Macroeconomics Practice Test-04

Macroeconomics Important Questions

Q1) Fees of government college is a revenue receipt because (Choose the correct alternative)

  1. It creates liabilities of the government.
  2. It increases the assets of the government.
  3. It neither creates any asset nor reduces any liability of the government.
  4. It neither creates any liability nor reduces any asset of the government.

Ans.) It neither creates any liability nor reduces any asset of the government.
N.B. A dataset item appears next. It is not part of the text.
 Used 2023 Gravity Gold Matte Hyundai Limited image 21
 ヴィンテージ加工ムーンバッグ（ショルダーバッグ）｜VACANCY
Q2) ____________ is exercised through discussions, letters and speeches to banks.

  1. Moral suasion
  2. Selective credit control
  3. Margin requirement 
  4. Open market operation

Ans.) Moral suasion

Q3) Banks create credit:

  1. On the basis of assets
  2. On the basis of securities
  3. On the basis of deposits
  4. None of these

Ans.) On the basis of deposits

Q4) ___________ bank controls the banking and monetary structure of India.

  1. State Bank of India
  2. Punjab National Bank of India
  3. Oriental Bank of Commerce
  4. Reserve Bank of India

Ans.) Reserve Bank of India

Q5) ____________ exchange rate is officially declared by the government.

  1. Managed floating
  2. Floating
  3. Fixed
  4. None of these

Ans.) Fixed

Q6) Money supply in India is:

  1. Currency with the public
  2. Demand deposits with the banks
  3. Currency with the public and Demand deposits with the banks.
  4. None of them

Ans.) Currency with the public and Demand deposits with the banks.
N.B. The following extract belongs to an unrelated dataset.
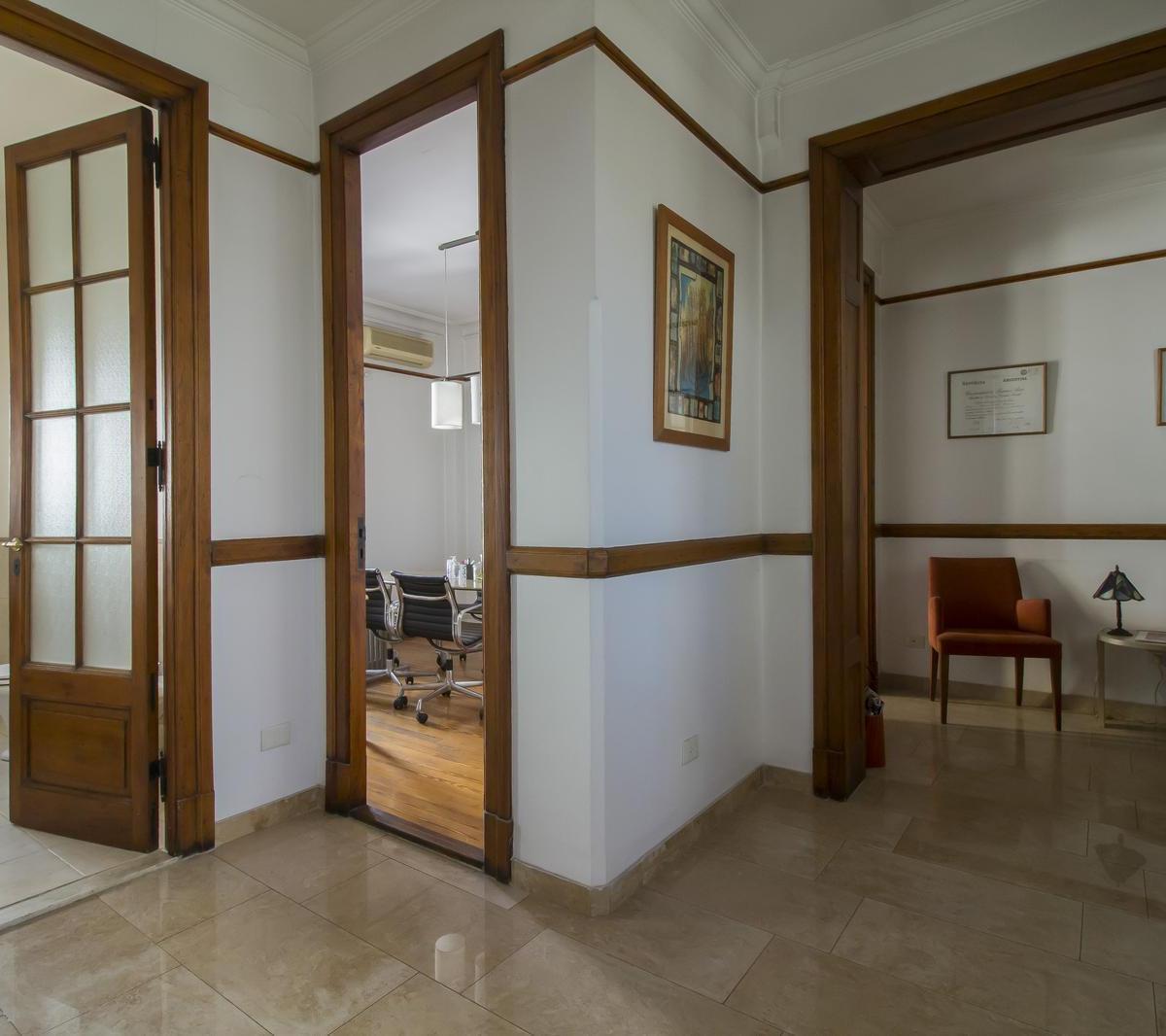 Impecable Oficina en Venta - 3 Despachos - San Nicolás 4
Q7) Foreign embassies in India are a part of India’s:

  1. Economic territory
  2. Geographical territory
  3. Both (a) and (b)
  4. None of the above

Ans.) None of the above

Q8) Unforeseen obsolescence of fixed capital assets during production is:

  1. Consumption of fixed capital
  2. Capital loss
  3. Income loss
  4. None of the above

Ans.) Capital Loss

Q9) Inflow of foreign exchange is recorded on the ______ (debit/credit) side in BoP Account.

Ans.) Credit side

Q10) Which of the following items is not included in the money supply of a country?

  1. Time deposits
  2. Coins and Currency
  3. Demand deposits
  4. None of these

Ans.) Time deposits

Q11) Identify the correct pair from the following Column 1 and Column 2:

Column 1Column 2
(A) Investment by Apple phones in India(i) Credit side of the current account of BoP
(B) Remittances to relative staying abroad(ii) Debit side of the current account of BoP
(C) Export of software to Germany(iii) Debit side of the current account of BoP
(D) Import of Machinery from France(iv) Capital account of BoP

Alternatives:

  1. (A) – (i)
  2. (B) – (ii)
  3. (C) – (iii)
  4. (D) – (iv)

Ans.) (B) – (ii)

Q12) The components of money supply are:

  1. Paper currency
  2. Coins
  3. Demand deposits
  4. All of these

Ans.) All of these

Q13) If planned savings are greater than planned investment, inventories will _________ (increase/decrease).

Ans.) Increase

Q14) Fiscal deficit equals: (Choose the correct alternative)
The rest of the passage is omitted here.